It’s not every day that Idaho’s Republican-led Legislature can demonstrate the wisdom of Ronald Reagan.

Wasn’t it the late president who observed: “The nine most terrifying words in the English language are, ‘I’m from the government, and I’m here to help’ ”?

You have to wonder what Reagan would think of last week’s legislative rush to help. In the course of a three-day-long special session, GOP lawmakers obliterated the ability of ordinary Idahoans to hold businesses, employers and some government entities — but not all — to account if they negligently exposed them to COVID-19.

But it got progressively worse. What started out as a measure that would exempt private and public entities from liability if they acted in good faith emerged as one that would bar any and all claims — except when someone willfully, recklessly and intentionally infected another with coronavirus.

In the process, the Idaho Freedom Foundation’s outlook on the enterprise evolved. Had any lawmaker supported the first version, he would have been dinged with a negative-7 on its Idaho Freedom Index. The ultimate bill carried a neutral rating, however.

Here’s one other striking change: The draft measure extended liability immunity to ... “the state of Idaho and any agency or subdivision thereof.”

The measure that passed specifically excluded from this legal umbrella the state of Idaho — with the exception of state colleges and universities — and the public health districts. Perhaps that reflects legislative annoyance with the restrictions Gov. Brad Little and the health districts set in place to restrain the epidemic.

In any event, that choice may have unintended consequences for the legislators and for the taxpayers.

For instance, Idaho’s lawmakers engaged in a super spreader event.
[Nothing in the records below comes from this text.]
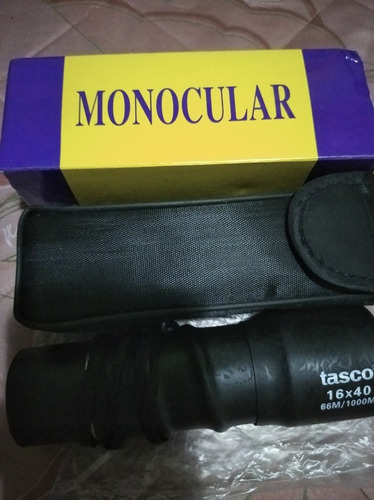 Monóculo 16x40 Tasco 66/1000m. Com Estojo Na Caixa.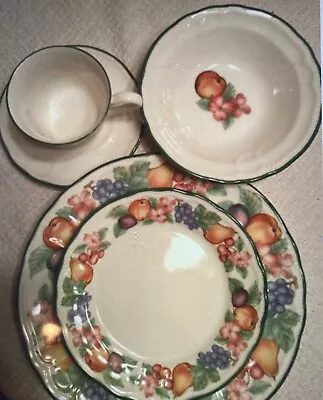 Epoch Noritake Market Day~19 Piece Dinner Set~Service For 4 • $88.32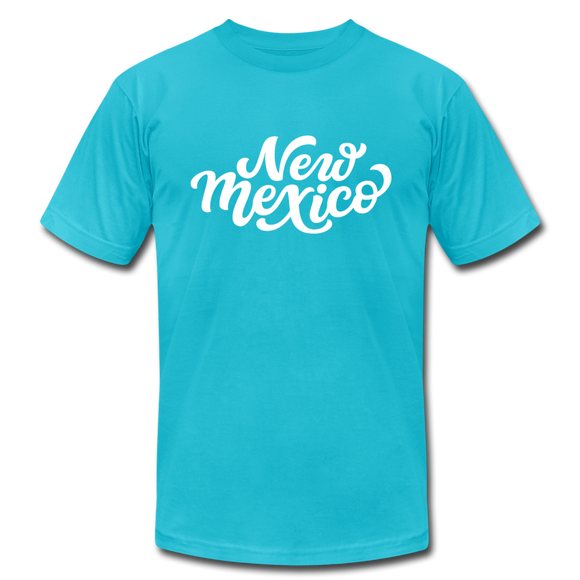 New Mexico T-Shirt - Hand Lettered Unisex New Mexico T Shirt - turquoise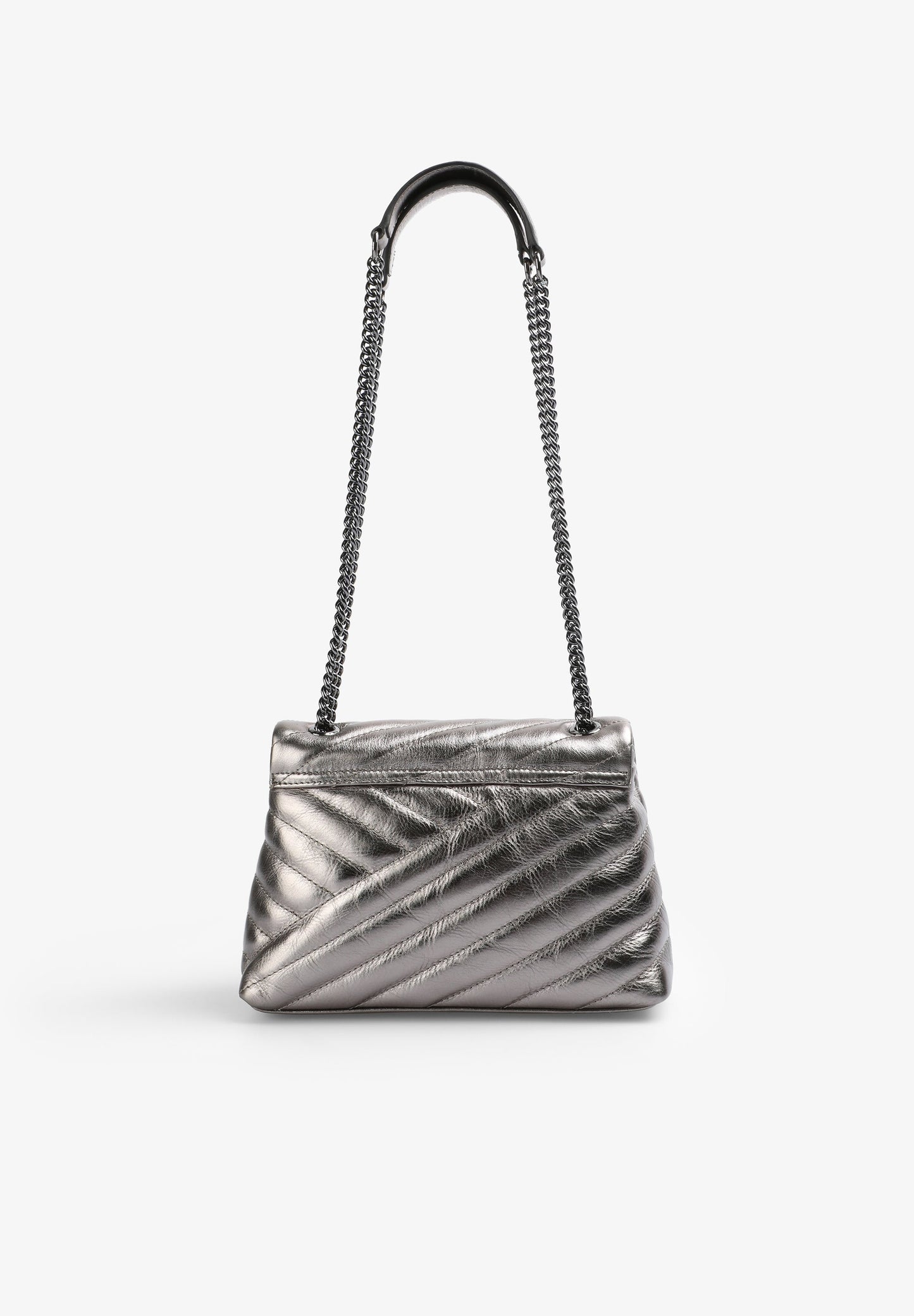 MINI QUILTED METALLIC LEATHER BAG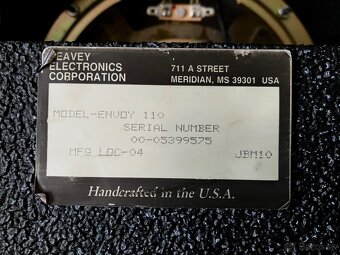 Peavey ENVOY 110 Teal Stripe (1989 U.S.A.) - 3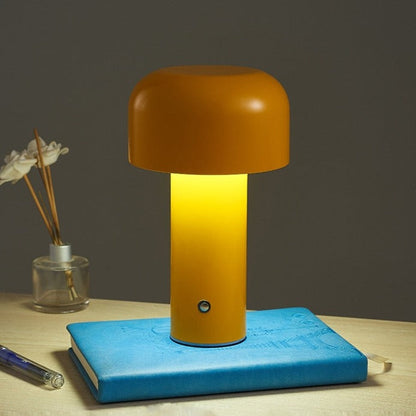 Floroux Style Champignon Lampe de Table Sans Fil Luxe Nordique
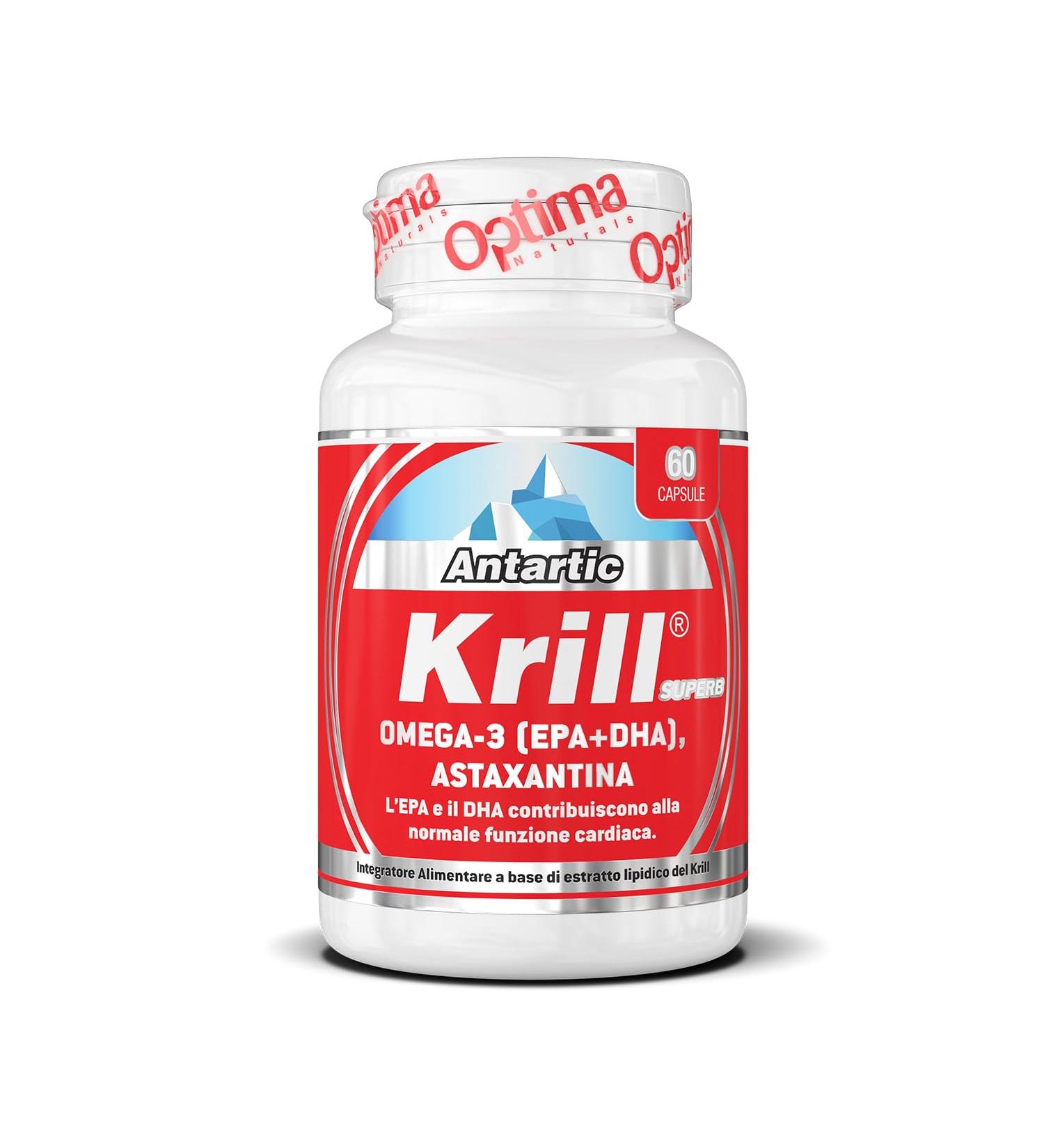 OPTIMA NATURALS Antartic Krill Superb 60 capsules compl ment alimentaire base d'extrait de crustac krill. Riche en acides gras om ga-3 (EPA et DHA) - Buy Online on GoSupps.com
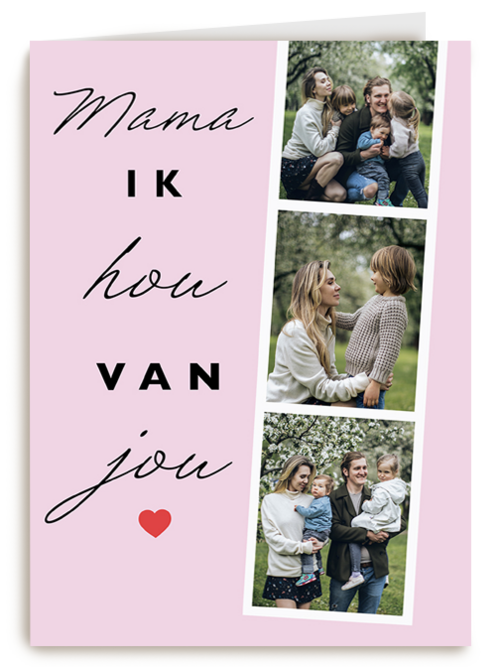 moederdag fotokaart hip mama ik hou van jou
Anywhere else in Boise, they would have been subject to restrictions set by the city and the Central District Health Department: no groups larger than 50 while everyone is required to wear a face mask and practice social distancing in public.

Within their chambers and meeting rooms, lawmakers answer to their own rules.

They set no limits on crowd size. Start with 105 legislators. Throw in possibly 50 legislative staffers, lobbyists and reporters. Don’t forget the small army Emmett anarchist Ammon Bundy assembled.

With no requirements, few wore masks and few practiced social distancing.

Why not?

As far as many lawmakers are concerned, the pandemic is a farce. They even illegally voted to terminate Little’s emergency order.

“This emergency declaration has created the situation we’re in, not the virus,” said Rep. Vito Barbieri, R-Dalton Gardens. “(In) reaction to the potential damage from the virus, the government — oh, isn’t that normal for the government to create a problem and then figure out a solution that’s always more draconian, always more expensive?”

But where does that leave someone whose job required him to attend the special session?

If the state remains liable for simple negligence, would that expose to potential litigation a group of lawmakers who denied the pandemic and took almost no steps to contain it?

What about the other gorilla in the room — the thousands of people in state custody at the penitentiaries?

Just about anywhere you turn these days, there’s a COVID-19 outbreak among those held in confinement. So far in Idaho, there have been case surges at the Ada, Bonneville and Twin Falls county jails. The state of Idaho reported a second state inmate died of the coronavirus.

What did the Legislature tell families of inmates whose underlying health conditions — older, obese, diabetic or suffering from heart disease or an immunocompromised state — puts them at greater risk?

What did the Legislature say to families of inmates who are being held on non-violent drug offenses and whose release on medical grounds would pose no risk to the rest of us?

This is the work product of a legislative session on a tight schedule held in late August. There wasn’t time enough for lawmakers to review all the issues or even hear all the people who had a stake in its outcome.

Do you think something got by them? — M.T.